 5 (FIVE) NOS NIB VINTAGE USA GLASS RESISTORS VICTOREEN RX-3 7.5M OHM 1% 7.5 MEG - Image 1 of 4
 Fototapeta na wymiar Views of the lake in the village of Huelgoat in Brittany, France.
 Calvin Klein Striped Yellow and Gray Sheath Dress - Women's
··········
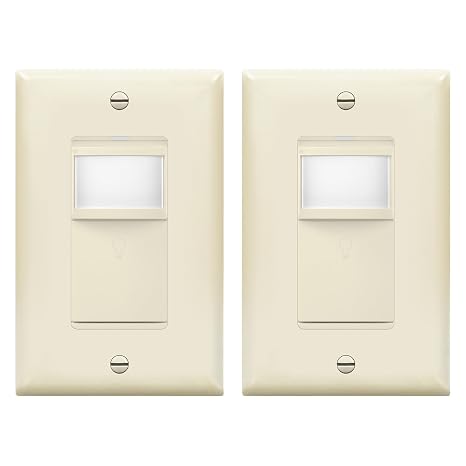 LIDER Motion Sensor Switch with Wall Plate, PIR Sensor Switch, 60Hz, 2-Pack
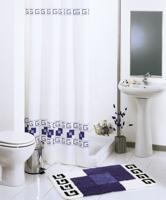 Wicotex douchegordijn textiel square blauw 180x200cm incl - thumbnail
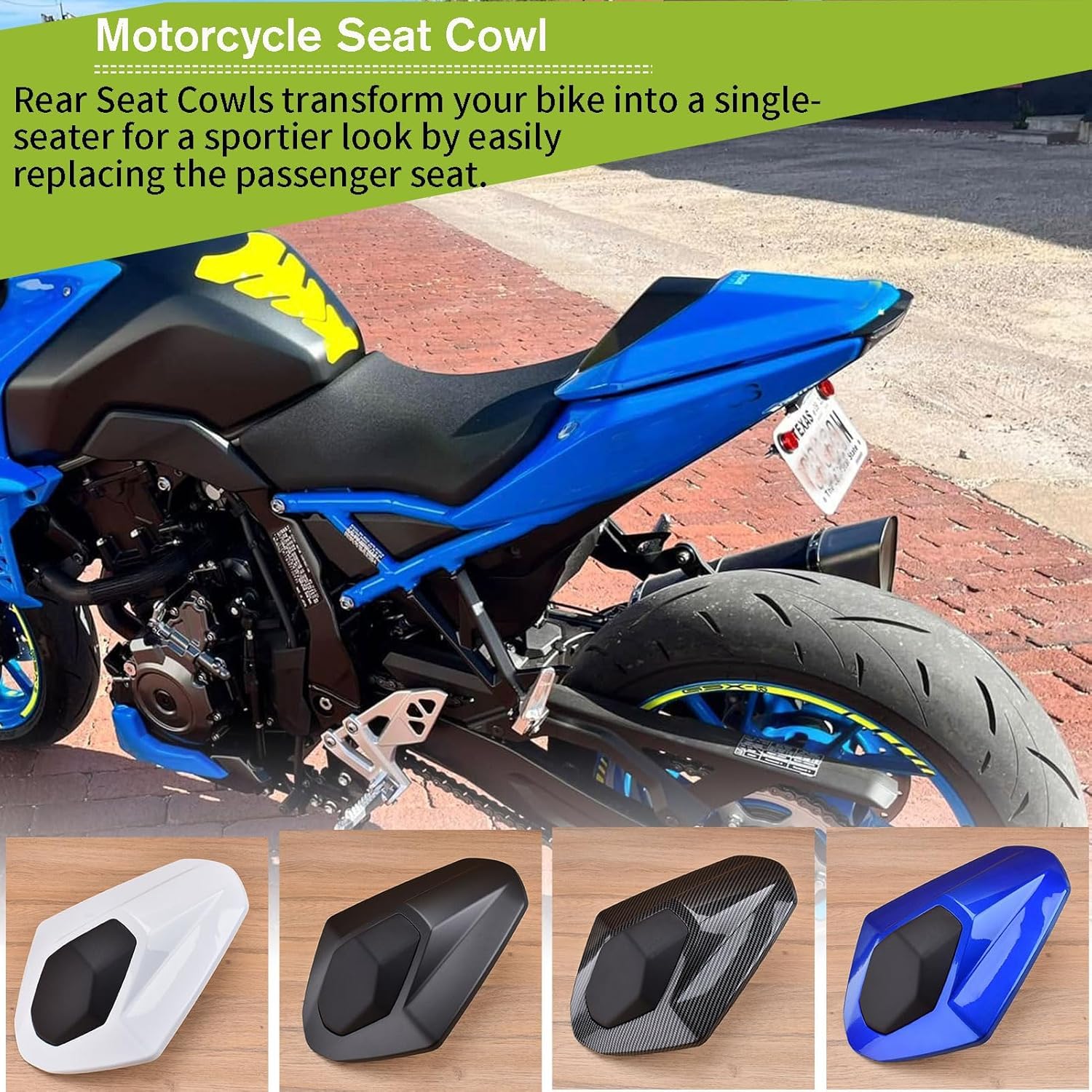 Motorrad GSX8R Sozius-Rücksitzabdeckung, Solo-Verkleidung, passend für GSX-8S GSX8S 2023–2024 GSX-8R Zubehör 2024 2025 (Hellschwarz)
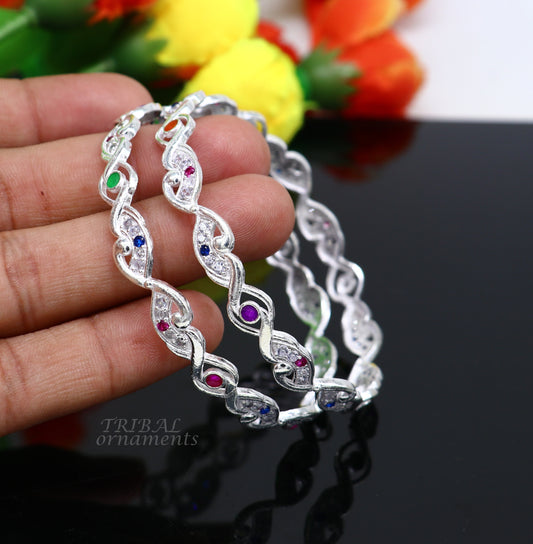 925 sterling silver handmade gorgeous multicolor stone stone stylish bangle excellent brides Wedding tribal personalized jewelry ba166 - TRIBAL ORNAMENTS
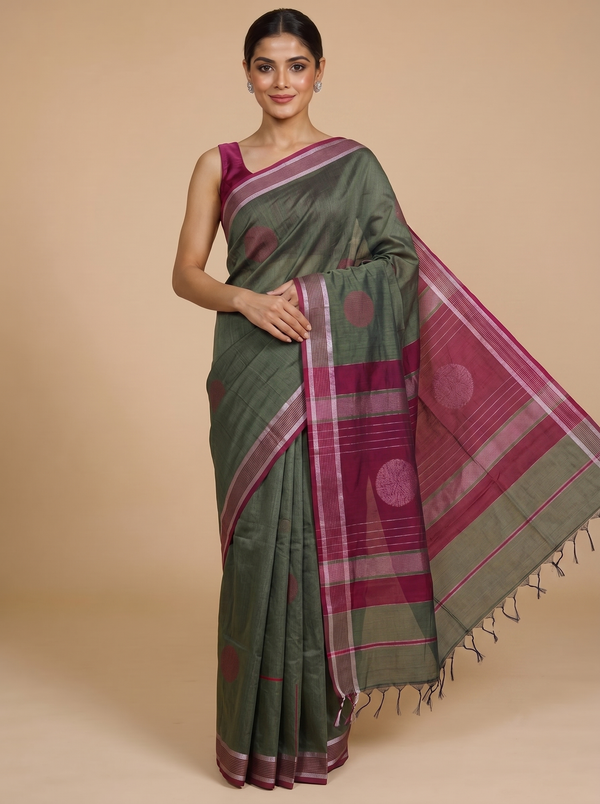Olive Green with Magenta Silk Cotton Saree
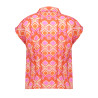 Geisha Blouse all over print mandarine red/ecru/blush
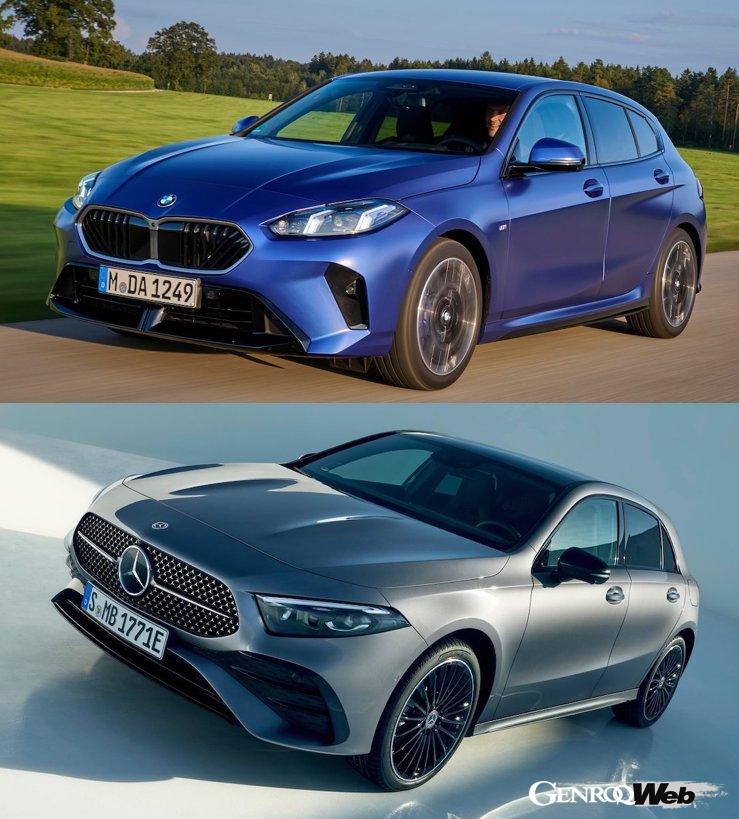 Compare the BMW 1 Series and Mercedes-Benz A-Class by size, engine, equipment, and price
··········
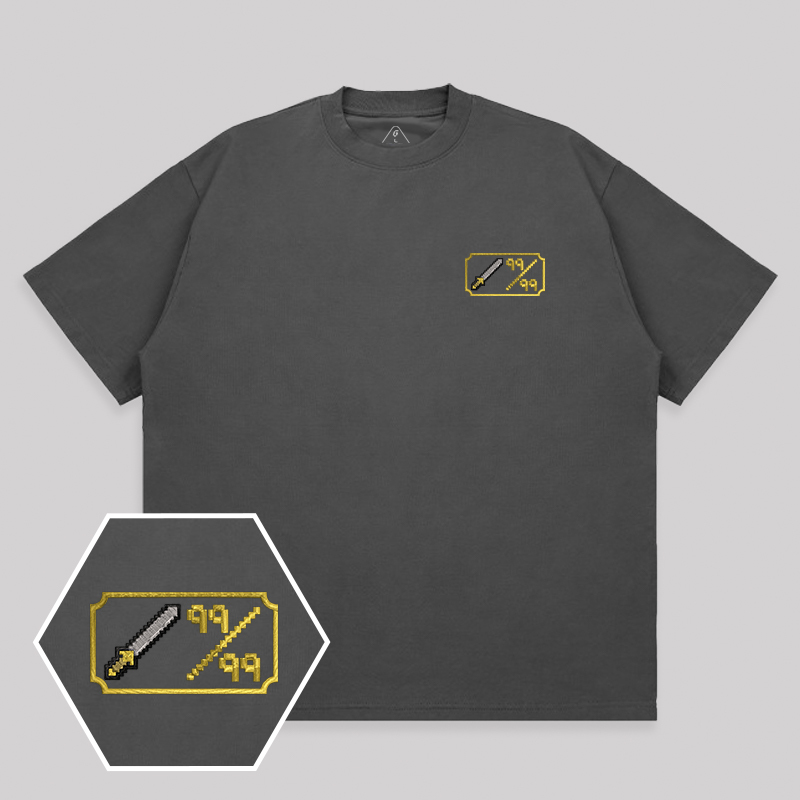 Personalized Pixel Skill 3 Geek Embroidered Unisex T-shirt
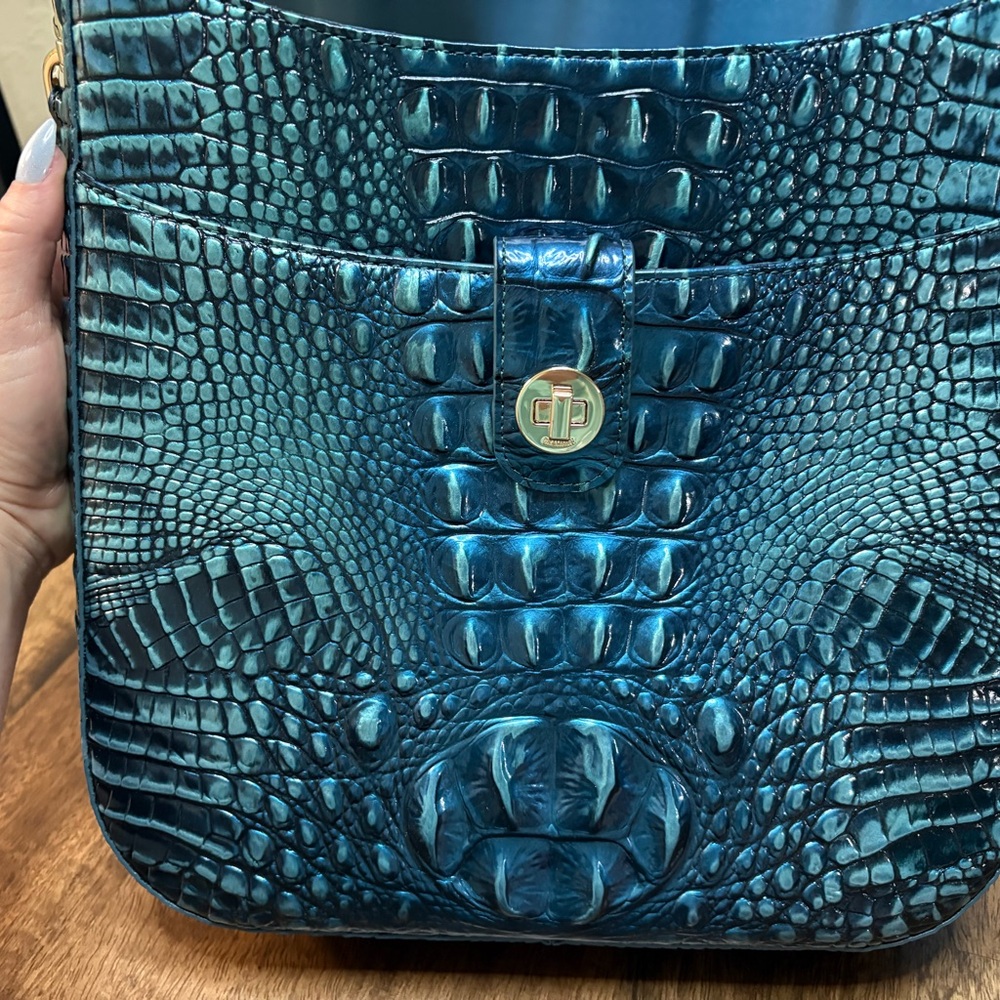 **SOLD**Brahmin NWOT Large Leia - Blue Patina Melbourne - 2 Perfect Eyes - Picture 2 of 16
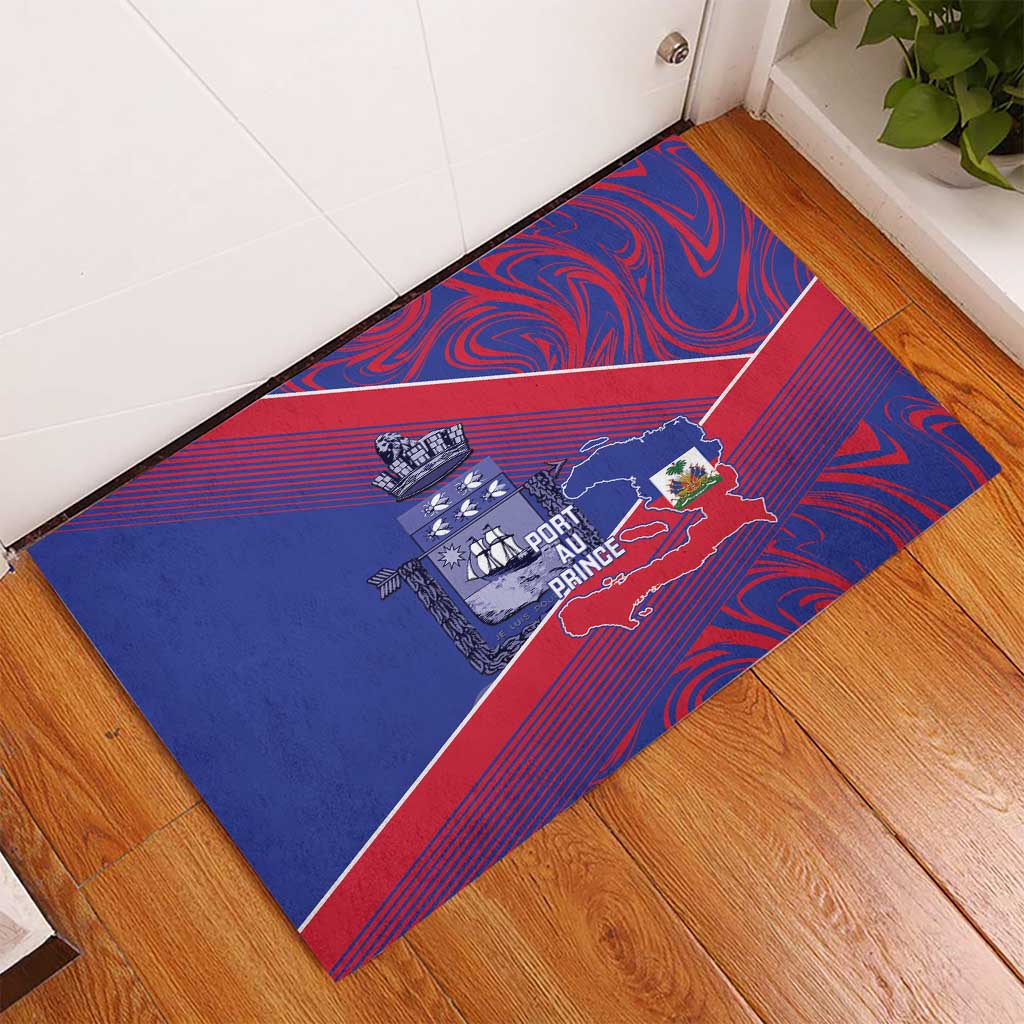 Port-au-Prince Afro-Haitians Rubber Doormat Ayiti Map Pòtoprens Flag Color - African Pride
··········
In the material above, locate the line containing "5 (FIVE) NOS" and the line containing "Calvin Klein Striped". Transcribe exactly those two lines and every line between them, and nothing more.

■ **Exercise answer**:
 5 (FIVE) NOS NIB VINTAGE USA GLASS RESISTORS VICTOREEN RX-3 7.5M OHM 1% 7.5 MEG - Image 1 of 4
 Fototapeta na wymiar Views of the lake in the village of Huelgoat in Brittany, France.
 Calvin Klein Striped Yellow and Gray Sheath Dress - Women's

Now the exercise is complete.